>>

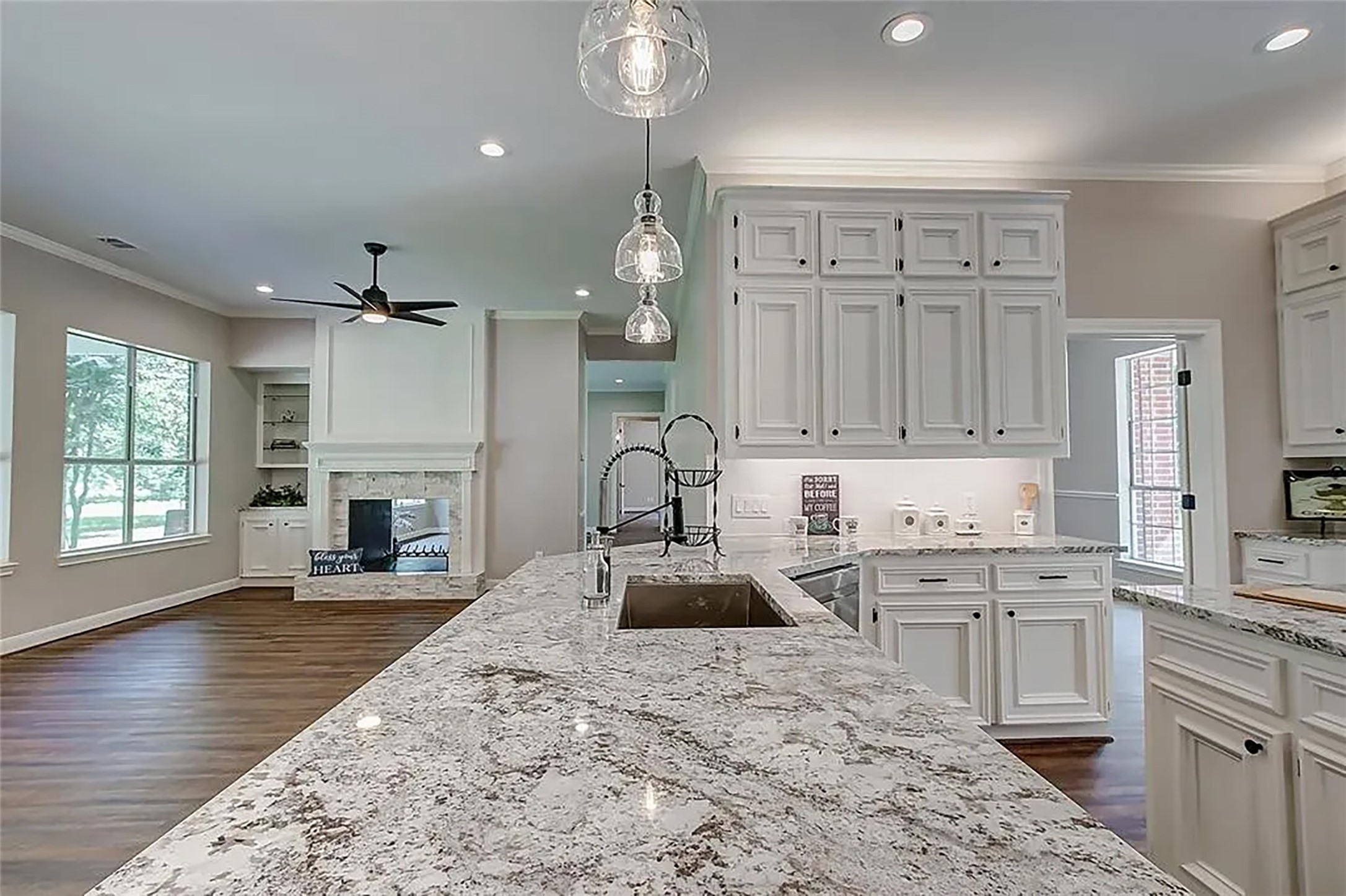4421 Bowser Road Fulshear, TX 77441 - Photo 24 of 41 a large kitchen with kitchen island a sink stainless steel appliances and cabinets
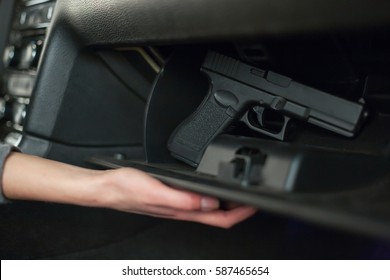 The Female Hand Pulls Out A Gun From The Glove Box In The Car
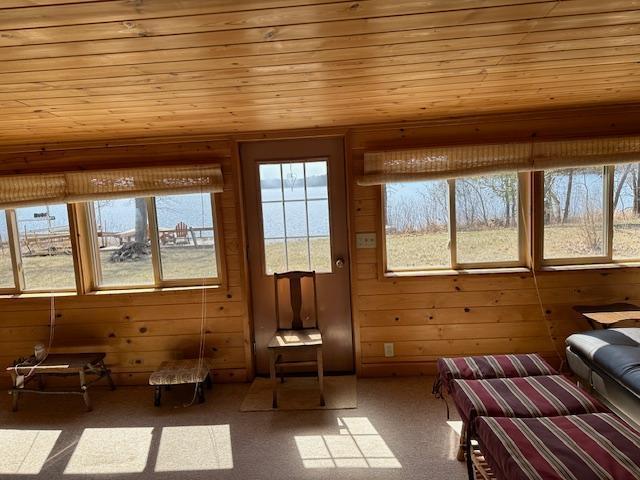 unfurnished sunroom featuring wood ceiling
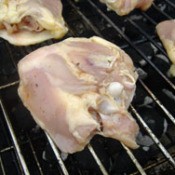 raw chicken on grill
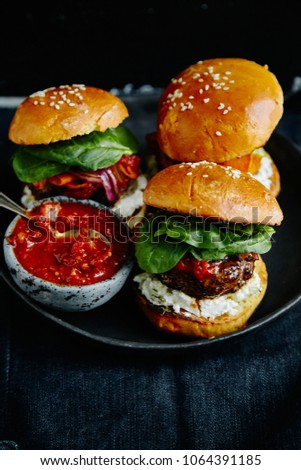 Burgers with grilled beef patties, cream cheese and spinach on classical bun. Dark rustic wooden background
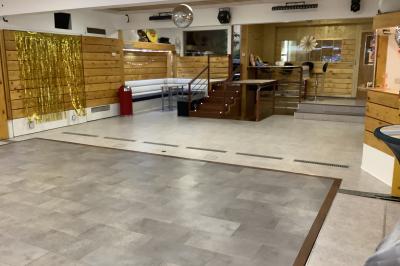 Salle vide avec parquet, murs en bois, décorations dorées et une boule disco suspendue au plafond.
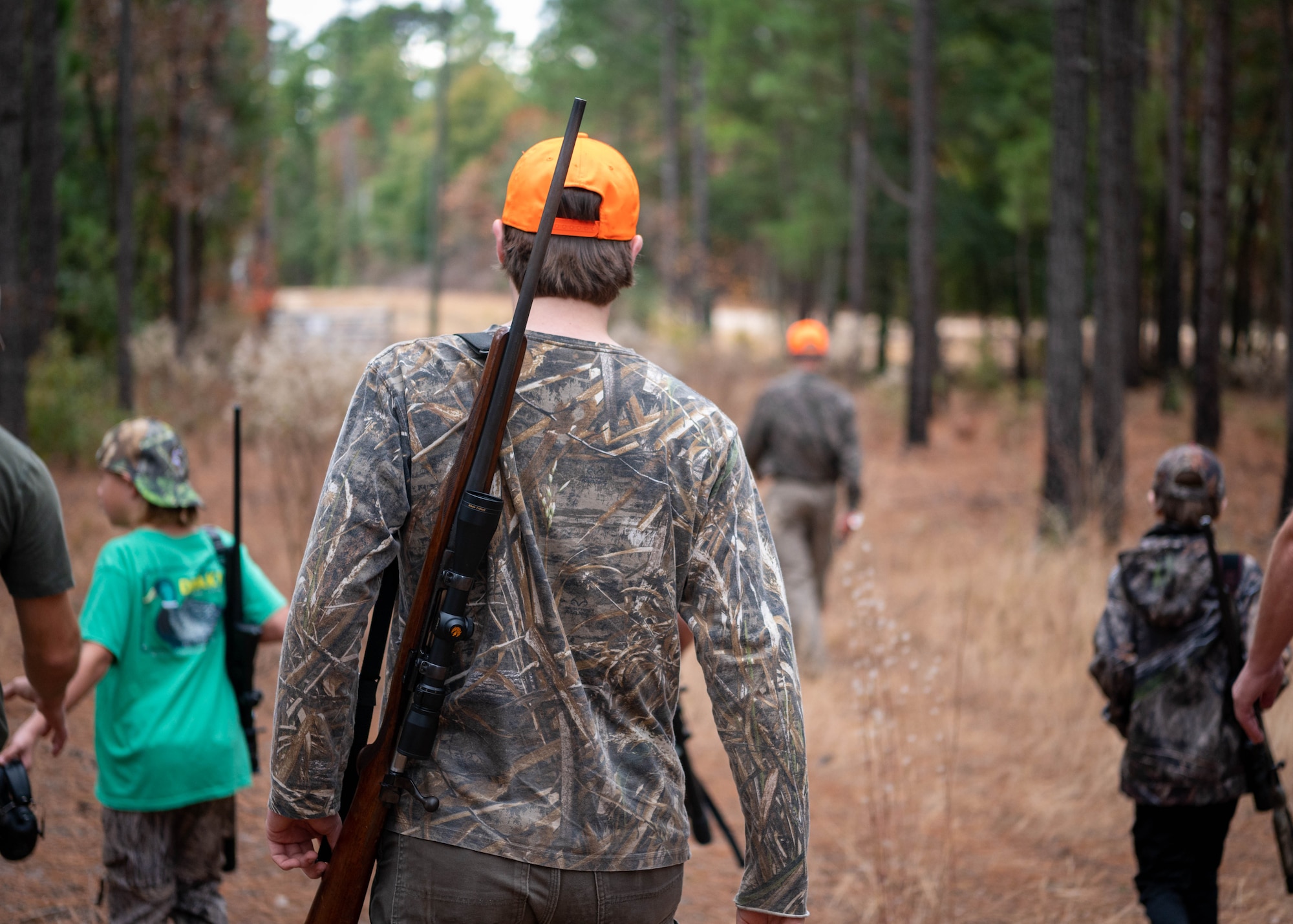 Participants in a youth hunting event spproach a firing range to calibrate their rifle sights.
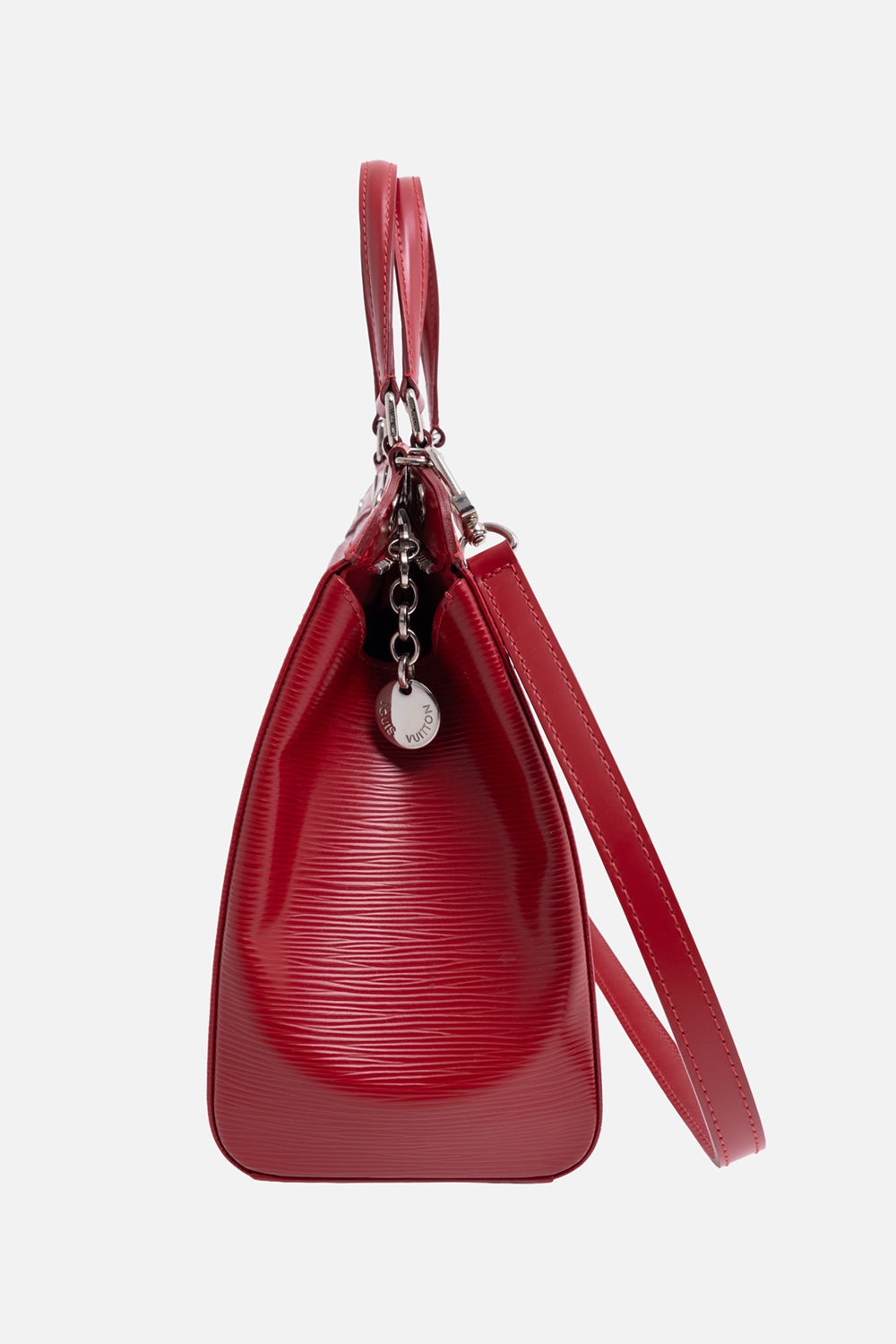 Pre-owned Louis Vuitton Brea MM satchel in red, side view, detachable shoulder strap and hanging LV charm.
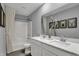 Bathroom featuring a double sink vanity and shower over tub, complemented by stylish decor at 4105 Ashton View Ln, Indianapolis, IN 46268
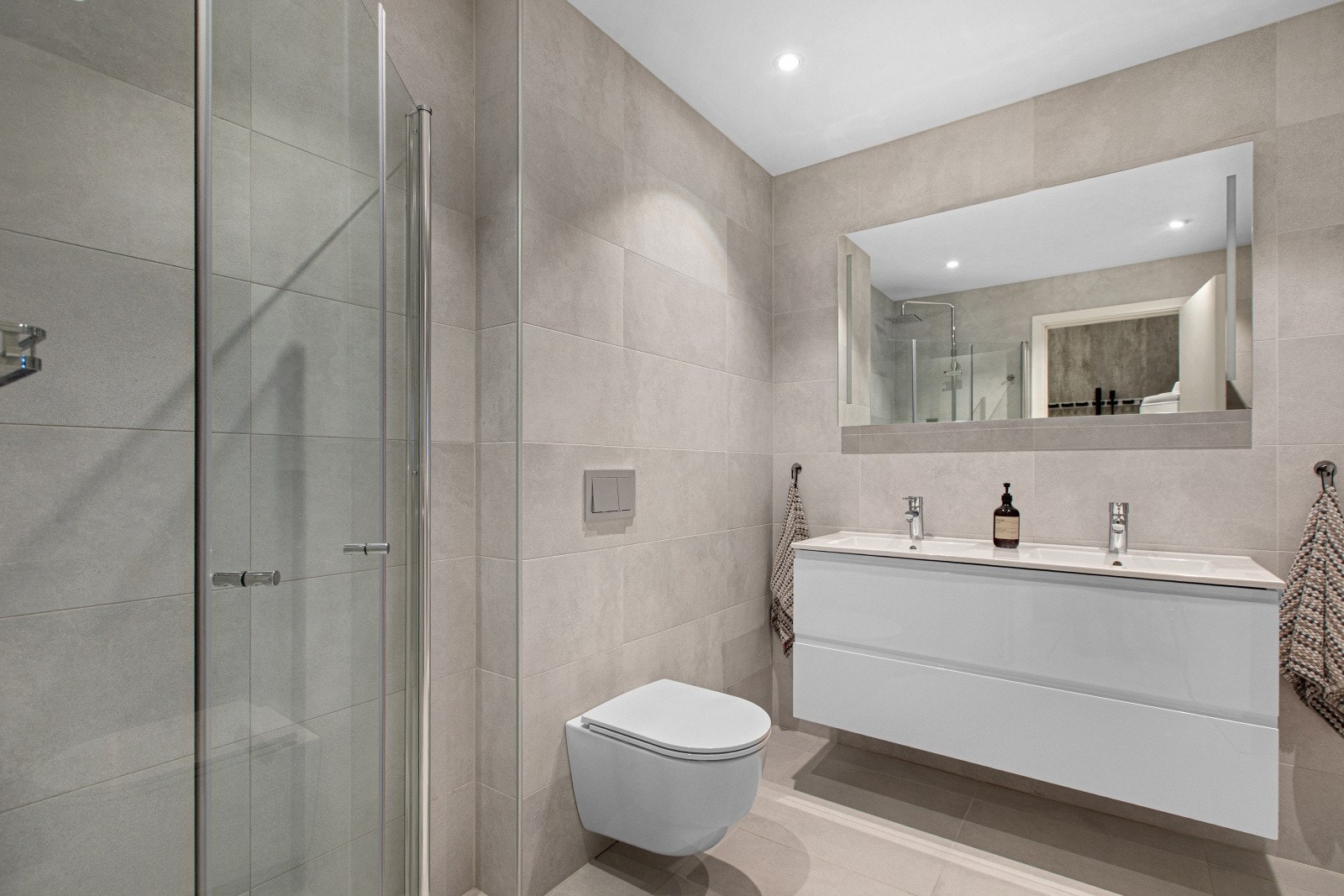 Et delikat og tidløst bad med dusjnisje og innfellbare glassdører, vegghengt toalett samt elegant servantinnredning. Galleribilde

<<

**PROBLEM STATEMENT:** The whole listing is to be retyped exactly, with its pictures removed.

**RESPONSE AREA:**
4421 Bowser Road Fulshear, TX 77441 - Photo 24 of 41 a large kitchen with kitchen island a sink stainless steel appliances and cabinets
 The Female Hand Pulls Out A Gun From The Glove Box In The Car
 unfurnished sunroom featuring wood ceiling
 raw chicken on grill
 Burgers with grilled beef patties, cream cheese and spinach on classical bun. Dark rustic wooden background
 Salle vide avec parquet, murs en bois, décorations dorées et une boule disco suspendue au plafond.
 Participants in a youth hunting event spproach a firing range to calibrate their rifle sights.
 Pre-owned Louis Vuitton Brea MM satchel in red, side view, detachable shoulder strap and hanging LV charm.
 Bathroom featuring a double sink vanity and shower over tub, complemented by stylish decor at 4105 Ashton View Ln, Indianapolis, IN 46268
 Et delikat og tidløst bad med dusjnisje og innfellbare glassdører, vegghengt toalett samt elegant servantinnredning. Galleribilde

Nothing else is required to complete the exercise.